Task brief:
Transcribe the lines from the start of the data below through the line with "btn-primary btn-sm float-right", word for word and nothing more.

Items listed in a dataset
================

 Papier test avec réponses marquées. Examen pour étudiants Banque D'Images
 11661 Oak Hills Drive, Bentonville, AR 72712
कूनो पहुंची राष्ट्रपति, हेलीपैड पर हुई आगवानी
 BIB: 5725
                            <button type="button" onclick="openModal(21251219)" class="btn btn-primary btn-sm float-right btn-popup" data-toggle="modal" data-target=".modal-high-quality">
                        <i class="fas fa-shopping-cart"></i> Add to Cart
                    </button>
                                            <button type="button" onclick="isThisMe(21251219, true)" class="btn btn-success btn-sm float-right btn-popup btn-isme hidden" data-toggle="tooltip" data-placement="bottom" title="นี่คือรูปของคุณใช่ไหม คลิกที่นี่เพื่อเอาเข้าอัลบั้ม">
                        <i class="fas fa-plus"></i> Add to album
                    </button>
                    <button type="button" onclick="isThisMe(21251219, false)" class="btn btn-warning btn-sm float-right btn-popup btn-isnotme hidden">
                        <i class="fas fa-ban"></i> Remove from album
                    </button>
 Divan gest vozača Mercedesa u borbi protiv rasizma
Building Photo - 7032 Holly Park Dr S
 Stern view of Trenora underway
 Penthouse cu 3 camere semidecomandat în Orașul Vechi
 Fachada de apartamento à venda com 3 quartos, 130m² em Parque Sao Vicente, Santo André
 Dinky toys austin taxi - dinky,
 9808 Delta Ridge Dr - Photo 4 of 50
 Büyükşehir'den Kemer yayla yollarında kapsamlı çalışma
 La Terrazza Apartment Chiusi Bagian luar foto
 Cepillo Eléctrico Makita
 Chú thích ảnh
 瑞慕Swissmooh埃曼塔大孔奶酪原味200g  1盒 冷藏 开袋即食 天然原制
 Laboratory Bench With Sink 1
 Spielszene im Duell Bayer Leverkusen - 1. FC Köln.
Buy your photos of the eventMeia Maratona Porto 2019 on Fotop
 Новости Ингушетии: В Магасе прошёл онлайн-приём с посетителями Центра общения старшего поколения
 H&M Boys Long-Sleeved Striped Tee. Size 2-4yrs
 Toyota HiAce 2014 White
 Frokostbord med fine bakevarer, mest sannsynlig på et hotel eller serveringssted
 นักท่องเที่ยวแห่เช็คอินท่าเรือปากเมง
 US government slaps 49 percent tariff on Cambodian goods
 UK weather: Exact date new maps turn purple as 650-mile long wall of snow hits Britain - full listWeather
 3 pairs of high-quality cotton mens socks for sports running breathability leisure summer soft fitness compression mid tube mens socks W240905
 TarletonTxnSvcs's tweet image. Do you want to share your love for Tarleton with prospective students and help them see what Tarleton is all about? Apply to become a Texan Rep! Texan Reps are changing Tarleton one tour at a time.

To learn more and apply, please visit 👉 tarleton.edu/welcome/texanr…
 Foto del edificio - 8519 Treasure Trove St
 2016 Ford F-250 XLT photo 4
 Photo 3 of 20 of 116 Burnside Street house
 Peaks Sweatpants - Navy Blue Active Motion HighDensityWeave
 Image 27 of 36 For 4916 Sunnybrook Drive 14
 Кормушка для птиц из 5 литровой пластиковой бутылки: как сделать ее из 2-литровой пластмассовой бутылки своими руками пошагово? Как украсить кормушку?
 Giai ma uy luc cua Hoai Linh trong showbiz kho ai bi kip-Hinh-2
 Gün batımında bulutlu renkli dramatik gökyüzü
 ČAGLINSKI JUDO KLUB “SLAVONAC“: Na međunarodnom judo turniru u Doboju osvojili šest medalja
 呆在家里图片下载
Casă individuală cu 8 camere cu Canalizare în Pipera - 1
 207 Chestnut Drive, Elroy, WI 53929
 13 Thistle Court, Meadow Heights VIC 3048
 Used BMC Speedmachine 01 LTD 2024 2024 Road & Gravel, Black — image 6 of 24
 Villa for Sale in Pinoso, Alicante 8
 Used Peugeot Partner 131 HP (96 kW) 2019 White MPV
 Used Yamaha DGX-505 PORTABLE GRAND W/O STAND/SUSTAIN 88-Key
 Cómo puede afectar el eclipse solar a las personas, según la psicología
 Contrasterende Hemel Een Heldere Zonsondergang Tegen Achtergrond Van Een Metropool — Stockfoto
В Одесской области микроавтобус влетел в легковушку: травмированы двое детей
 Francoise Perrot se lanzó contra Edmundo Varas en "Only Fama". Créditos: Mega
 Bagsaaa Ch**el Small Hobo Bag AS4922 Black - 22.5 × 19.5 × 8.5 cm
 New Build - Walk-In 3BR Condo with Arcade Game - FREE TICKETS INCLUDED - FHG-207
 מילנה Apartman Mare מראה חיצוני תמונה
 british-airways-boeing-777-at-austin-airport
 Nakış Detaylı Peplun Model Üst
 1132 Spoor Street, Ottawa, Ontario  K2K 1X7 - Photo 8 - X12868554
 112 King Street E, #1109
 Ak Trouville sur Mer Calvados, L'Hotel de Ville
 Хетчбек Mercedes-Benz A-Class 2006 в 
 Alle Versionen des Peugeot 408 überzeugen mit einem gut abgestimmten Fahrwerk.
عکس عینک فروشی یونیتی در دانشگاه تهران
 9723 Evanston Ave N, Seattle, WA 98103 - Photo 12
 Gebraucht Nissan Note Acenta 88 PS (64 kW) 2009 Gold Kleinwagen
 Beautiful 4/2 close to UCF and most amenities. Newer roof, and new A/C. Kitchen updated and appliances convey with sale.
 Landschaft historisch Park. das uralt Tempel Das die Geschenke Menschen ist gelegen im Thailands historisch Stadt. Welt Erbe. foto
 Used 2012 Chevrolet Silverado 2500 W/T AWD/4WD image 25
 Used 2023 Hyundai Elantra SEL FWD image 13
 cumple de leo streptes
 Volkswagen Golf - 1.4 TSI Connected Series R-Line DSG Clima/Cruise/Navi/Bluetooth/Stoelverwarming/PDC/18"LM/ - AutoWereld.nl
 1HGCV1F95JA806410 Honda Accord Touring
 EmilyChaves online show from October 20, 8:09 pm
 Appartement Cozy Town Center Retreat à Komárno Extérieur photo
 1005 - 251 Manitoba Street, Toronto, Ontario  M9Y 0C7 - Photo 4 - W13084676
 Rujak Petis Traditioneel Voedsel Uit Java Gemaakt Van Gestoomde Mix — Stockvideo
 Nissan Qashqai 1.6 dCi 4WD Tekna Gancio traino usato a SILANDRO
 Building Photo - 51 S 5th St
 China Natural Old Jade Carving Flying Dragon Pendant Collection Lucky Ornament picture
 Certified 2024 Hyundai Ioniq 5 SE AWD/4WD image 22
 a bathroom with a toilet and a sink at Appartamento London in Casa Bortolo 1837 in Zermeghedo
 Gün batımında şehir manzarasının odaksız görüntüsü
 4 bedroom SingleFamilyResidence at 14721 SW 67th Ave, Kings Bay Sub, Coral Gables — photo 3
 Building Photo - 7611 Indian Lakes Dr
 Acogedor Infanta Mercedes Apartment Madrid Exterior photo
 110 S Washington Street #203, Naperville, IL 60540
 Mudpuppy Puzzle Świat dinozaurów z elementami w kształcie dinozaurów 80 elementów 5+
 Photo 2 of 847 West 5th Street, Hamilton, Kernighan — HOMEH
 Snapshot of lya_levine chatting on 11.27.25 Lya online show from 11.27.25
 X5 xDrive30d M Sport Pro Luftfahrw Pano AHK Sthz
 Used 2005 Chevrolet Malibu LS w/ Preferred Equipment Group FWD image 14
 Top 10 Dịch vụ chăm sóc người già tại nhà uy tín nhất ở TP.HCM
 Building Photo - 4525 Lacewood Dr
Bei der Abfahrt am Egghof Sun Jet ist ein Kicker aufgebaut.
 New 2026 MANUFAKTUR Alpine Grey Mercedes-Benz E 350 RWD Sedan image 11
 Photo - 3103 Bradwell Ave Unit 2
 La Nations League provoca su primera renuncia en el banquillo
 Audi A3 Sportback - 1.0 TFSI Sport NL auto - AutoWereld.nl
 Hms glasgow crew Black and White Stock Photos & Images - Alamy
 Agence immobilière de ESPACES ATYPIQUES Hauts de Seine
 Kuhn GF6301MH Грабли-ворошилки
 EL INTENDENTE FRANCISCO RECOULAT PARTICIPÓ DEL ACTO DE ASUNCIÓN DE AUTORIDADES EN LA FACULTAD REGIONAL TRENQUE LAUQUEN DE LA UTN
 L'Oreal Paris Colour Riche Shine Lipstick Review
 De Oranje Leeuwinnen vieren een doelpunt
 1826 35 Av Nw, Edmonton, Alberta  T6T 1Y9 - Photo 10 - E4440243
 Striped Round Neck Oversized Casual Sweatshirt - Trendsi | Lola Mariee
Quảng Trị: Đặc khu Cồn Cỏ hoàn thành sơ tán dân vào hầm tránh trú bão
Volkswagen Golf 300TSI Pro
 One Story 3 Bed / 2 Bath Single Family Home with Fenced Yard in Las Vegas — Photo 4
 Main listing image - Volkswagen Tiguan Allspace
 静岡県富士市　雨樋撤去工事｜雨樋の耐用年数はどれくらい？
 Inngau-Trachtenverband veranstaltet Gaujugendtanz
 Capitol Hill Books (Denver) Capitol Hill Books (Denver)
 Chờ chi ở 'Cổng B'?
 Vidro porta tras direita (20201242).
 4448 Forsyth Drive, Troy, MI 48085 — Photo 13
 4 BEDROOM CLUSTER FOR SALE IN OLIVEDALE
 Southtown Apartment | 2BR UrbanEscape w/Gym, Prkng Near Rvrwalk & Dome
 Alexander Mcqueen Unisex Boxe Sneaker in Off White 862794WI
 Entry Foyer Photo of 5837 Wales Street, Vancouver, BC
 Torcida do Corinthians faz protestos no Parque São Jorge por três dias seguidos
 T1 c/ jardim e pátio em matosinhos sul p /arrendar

================

Output for this exercise:
 Papier test avec réponses marquées. Examen pour étudiants Banque D'Images
 11661 Oak Hills Drive, Bentonville, AR 72712
कूनो पहुंची राष्ट्रपति, हेलीपैड पर हुई आगवानी
 BIB: 5725
                            <button type="button" onclick="openModal(21251219)" class="btn btn-primary btn-sm float-right btn-popup" data-toggle="modal" data-target=".modal-high-quality">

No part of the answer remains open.